Jordan Lindsey, 21, of Torrance, California, was swimming in waters near Rose Island when she was bitten by multiple sharks, local police said in a statement Wednesday. Investigators said they believe that three sharks were involved in the attack, which was deemed an “extremely rare” and “deeply tragic event” by expert Dr. Austin Gallagher, chief scientist and CEO of Beneath the Waves, a nonprofit organization that conducts research on sharks in the Bahamas.
“Shark attacks like this are extremely rare, especially in the Bahamas,” Austin told ABC News. “Every year hundreds of thousands of people enter the waters in the Bahamas — many of them even wanting to see sharks — and there are very few, if any, incidents. The Bahamas is not a shark attack hot-spot, nor are shark attacks on the rise — this appears to be an unfortunate and rare event.”
Authorities have now issued cautions to people in the area, but beyond that, “there is little else we can realistically do,” Austin said. Sharks are protected by the government in Bahamas, and are crucial to the local economy, he added.
“Killing sharks has never been part of Bahamian culture,” he said. “I would hope this does not change in response to incidents like this, as it is ecologically and socially irresponsible, and would tarnish the reputation the Bahamas has as a leader in ocean conservation.”
“My sincere condolences go out to the victim’s family.” Gallagher said.
Lindsey was snorkeling in near Rose Island on at the time of the attack, which happened “so fast,” her father Michael Lindsey said.
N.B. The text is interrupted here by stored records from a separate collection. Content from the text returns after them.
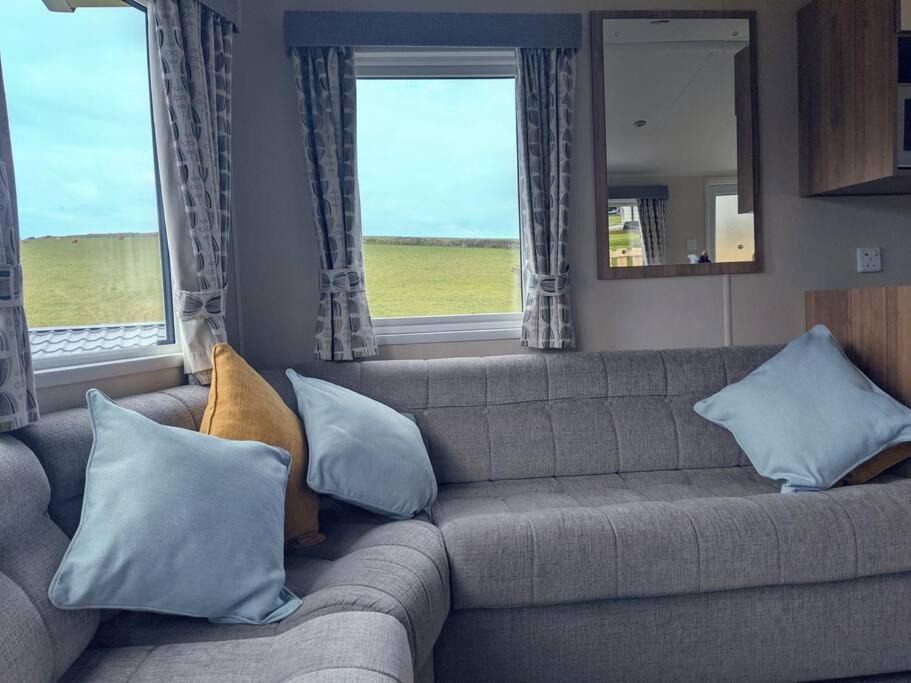 Large 4 Person Couples And Family Caravan In Newquay Bay Resort 外观 照片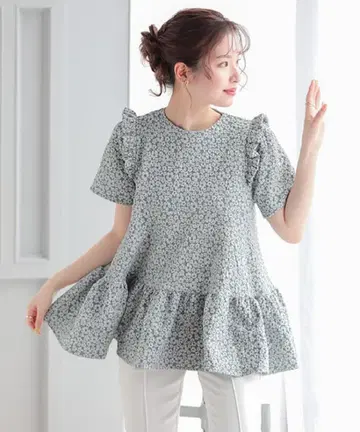 Fit more 플라워 자카드 티어드 탑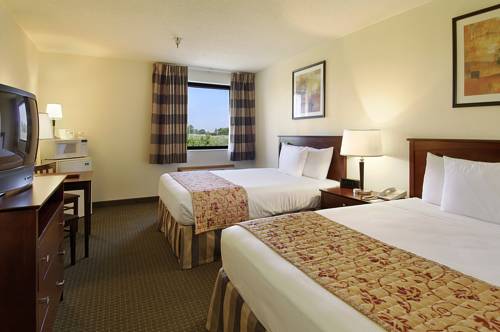 Imagen de la habitación del Hotel Ramada By Wyndham Bettendorf. Foto 15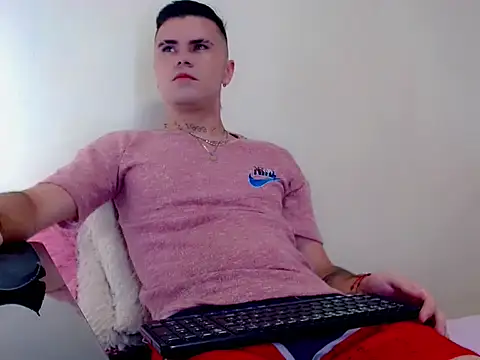 Sebastian Loaiza online show from November 28, 11:17 pm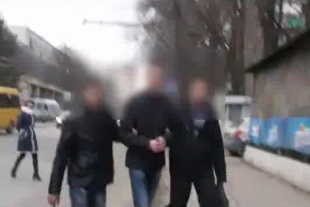 Если вина задержанных будет доказана, им грозит до 4 лет тюрьмы либо штраф до 20 тысяч леев. 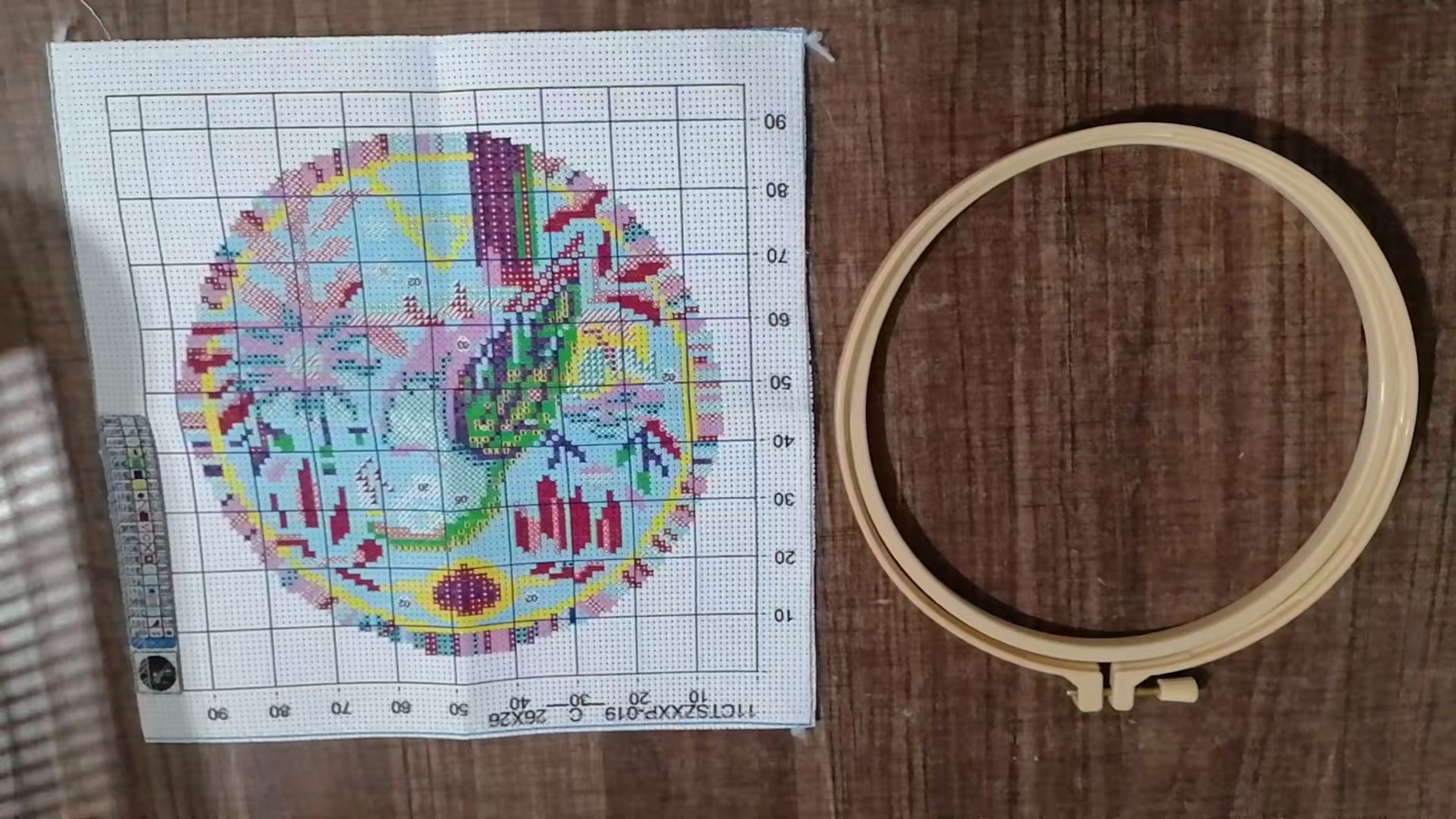 Mandarin Ducks | Cross Stitching Embroidery Kits for Beginners (20cm with frame)
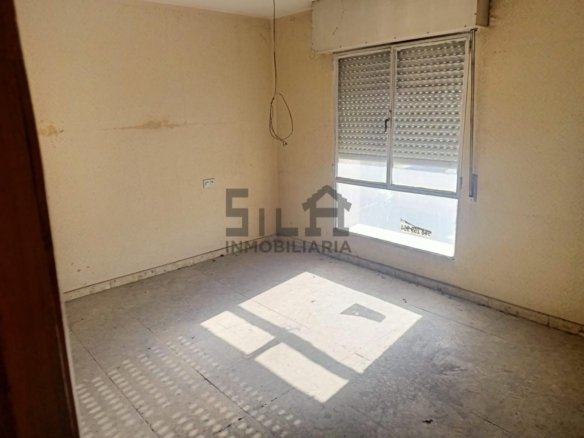 VENTA ENTRESUELO A REFORMAR ZONA AS BURGAS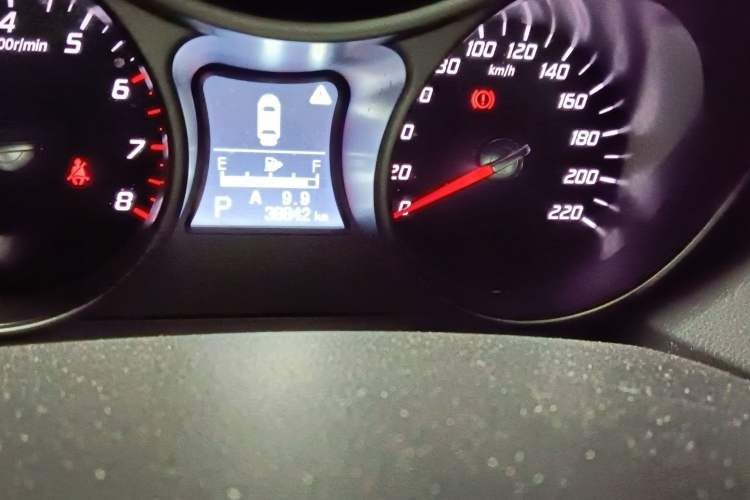 Used Haima S5 2017 Strong-Performance Version 1.5T CVT Luxury Model Odometer Close Up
“My wife got to Jordan and pulled Jordan to shore by herself,” he said. “The medical staff said they still had to do an autopsy. My wife said no one told her there were three sharks.
Lindsey’s right arm was torn off and she suffered bites to her left arm, both legs and buttocks, police said. She was transported to the hospital, where she was pronounced dead.
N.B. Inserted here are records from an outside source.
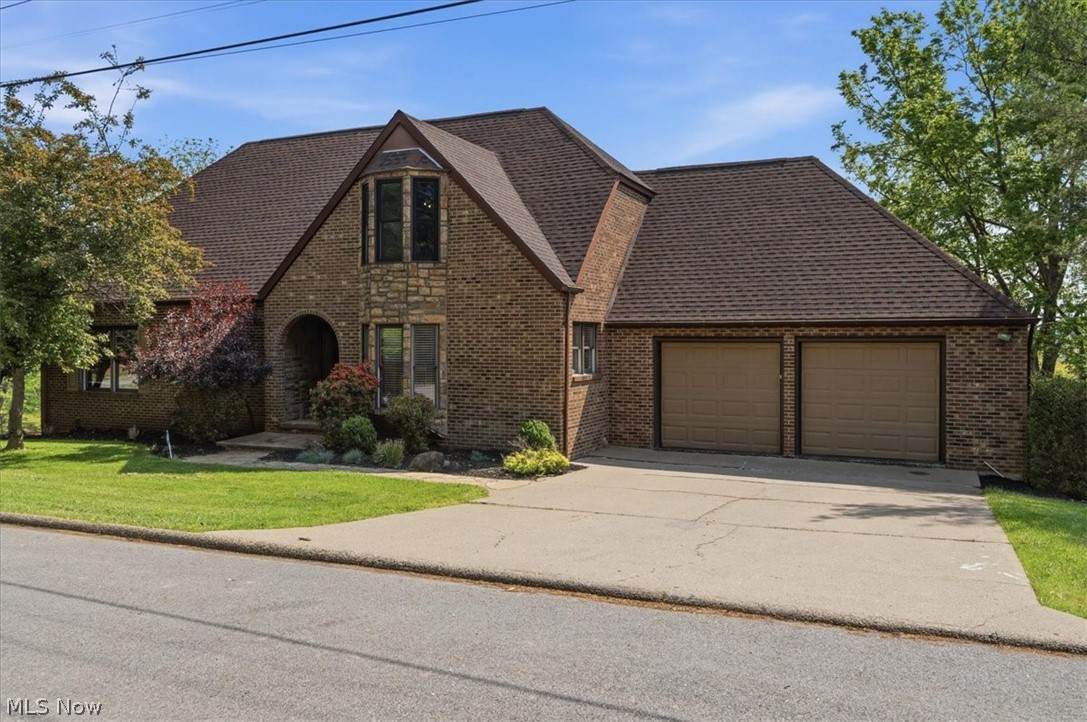 75 Oakridge Drive - Photo 1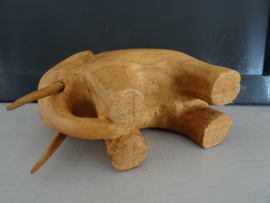 Houten beeldje - olifant - VERKOCHT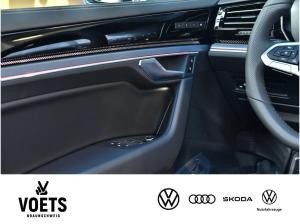 Volkswagen Touareg R-Line 3.0 TDI BLACK STYLE+PANO+MATIX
“It’s pretty rare, because sharks don’t really have any interest in humans,” Andre Musgrove, a shark diving expert, told ABC News’ Victor Oquendo in the Bahamas. “But they are wild animals so anything can be expected. It is pretty strange for three sharks to be involved in an attack like this, so I think more details are needed.”
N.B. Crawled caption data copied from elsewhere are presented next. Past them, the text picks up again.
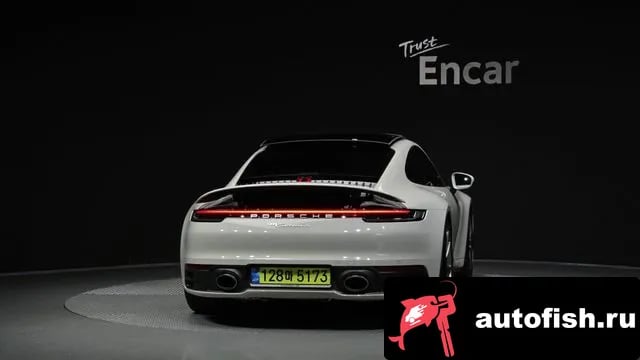 Porsche 911 911 (992) 2024 года - вид 4
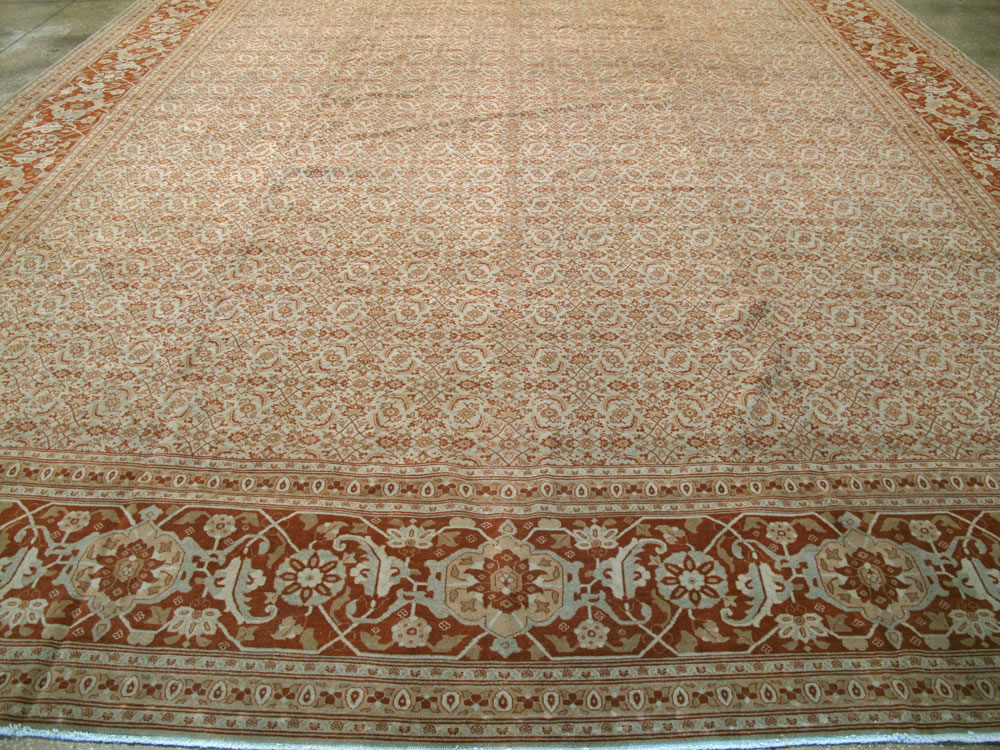 Antique Persian Tabriz Carpet, No.22052 - Gss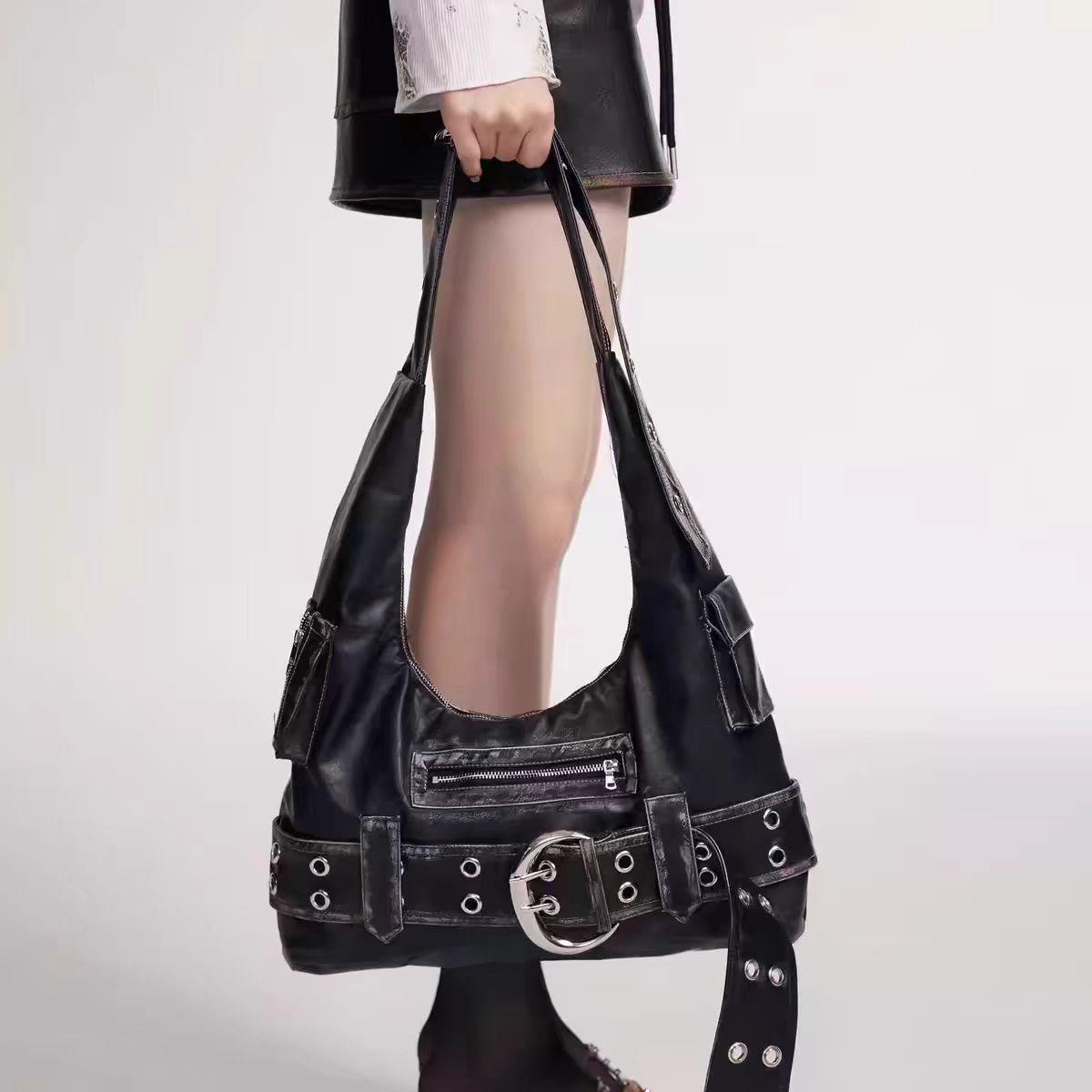 

2024 Женская высококачественная сумка кроссбоди Y2K в байкерском стиле - Большая вместимость, нишевый дизайн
The family’s vacation was due to end on Friday.
On Wednesday night two people from the U.S. consulate told the family it may take 7-14 days to get Lindsey’s body back home to California, her father told ABC News. The family is hoping to learn more information later today, but they’re currently unsure where they’ll be staying in the Bahamas.
Lindsey was a student at Loyola Marymount University.
“I am saddened to share that Jordan Lindsey, a communication studies major, died on June 26, 2019. She was 21 years old,” university officials said in a letter to students. “Jordan was snorkeling with her family and friends in the Bahamas when she was attacked by sharks. Efforts were made to save her life, but she was pronounced dead at a hospital.”